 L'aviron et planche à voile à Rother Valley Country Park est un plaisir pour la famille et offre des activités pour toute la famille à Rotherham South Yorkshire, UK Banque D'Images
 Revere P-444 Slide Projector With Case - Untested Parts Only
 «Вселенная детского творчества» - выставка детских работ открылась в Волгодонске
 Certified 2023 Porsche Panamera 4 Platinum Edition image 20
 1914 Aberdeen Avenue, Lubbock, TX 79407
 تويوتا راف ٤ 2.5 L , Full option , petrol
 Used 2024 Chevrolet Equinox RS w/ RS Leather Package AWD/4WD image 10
************
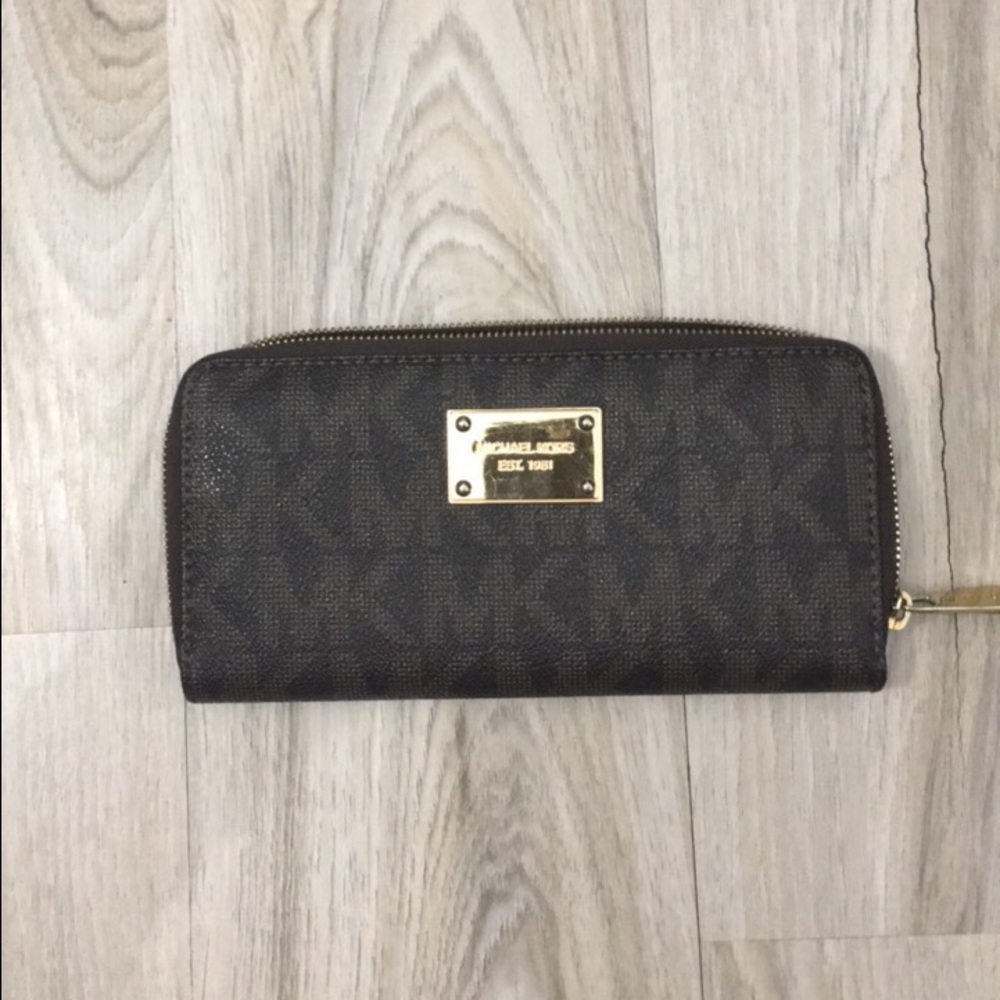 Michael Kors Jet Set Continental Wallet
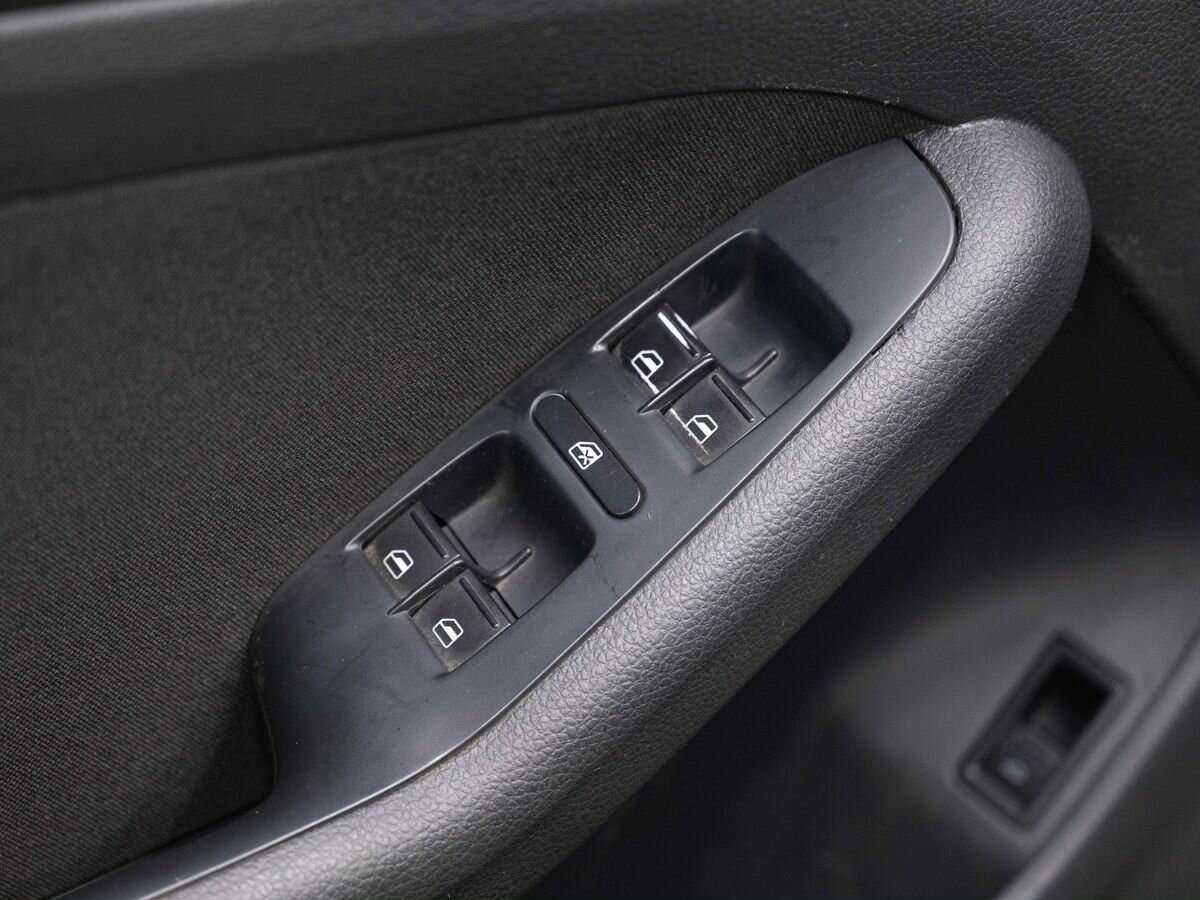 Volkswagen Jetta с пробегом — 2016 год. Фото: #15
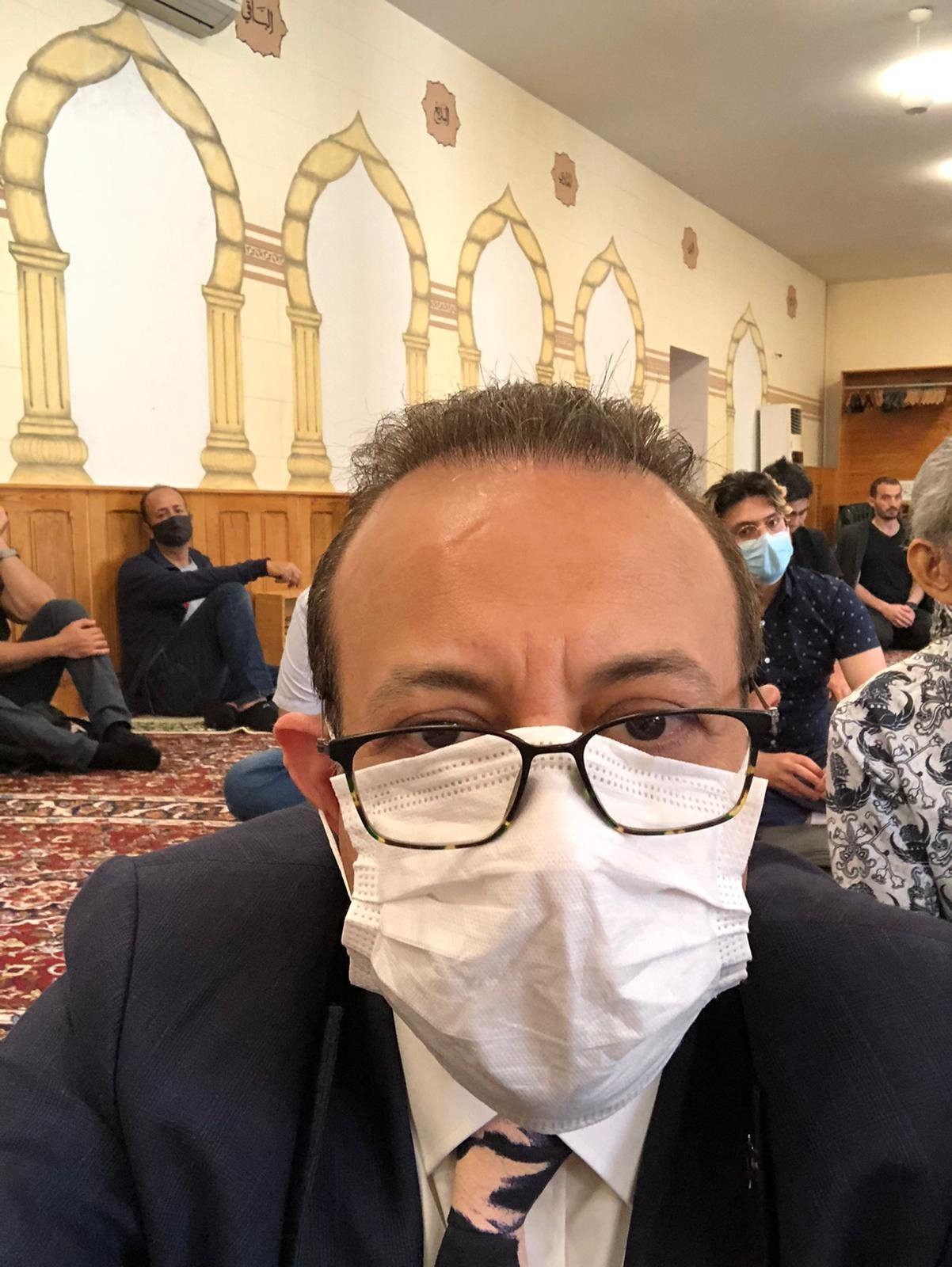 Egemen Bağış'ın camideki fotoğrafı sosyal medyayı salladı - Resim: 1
************
EXERCISE DIRECTIONS. Repeat word for word the lines above that run from the line containing "L'aviron et planche" through the line containing "Used 2024 Chevrolet", both ends included, and nothing else.

RESPONSE.
 L'aviron et planche à voile à Rother Valley Country Park est un plaisir pour la famille et offre des activités pour toute la famille à Rotherham South Yorkshire, UK Banque D'Images
 Revere P-444 Slide Projector With Case - Untested Parts Only
 «Вселенная детского творчества» - выставка детских работ открылась в Волгодонске
 Certified 2023 Porsche Panamera 4 Platinum Edition image 20
 1914 Aberdeen Avenue, Lubbock, TX 79407
 تويوتا راف ٤ 2.5 L , Full option , petrol
 Used 2024 Chevrolet Equinox RS w/ RS Leather Package AWD/4WD image 10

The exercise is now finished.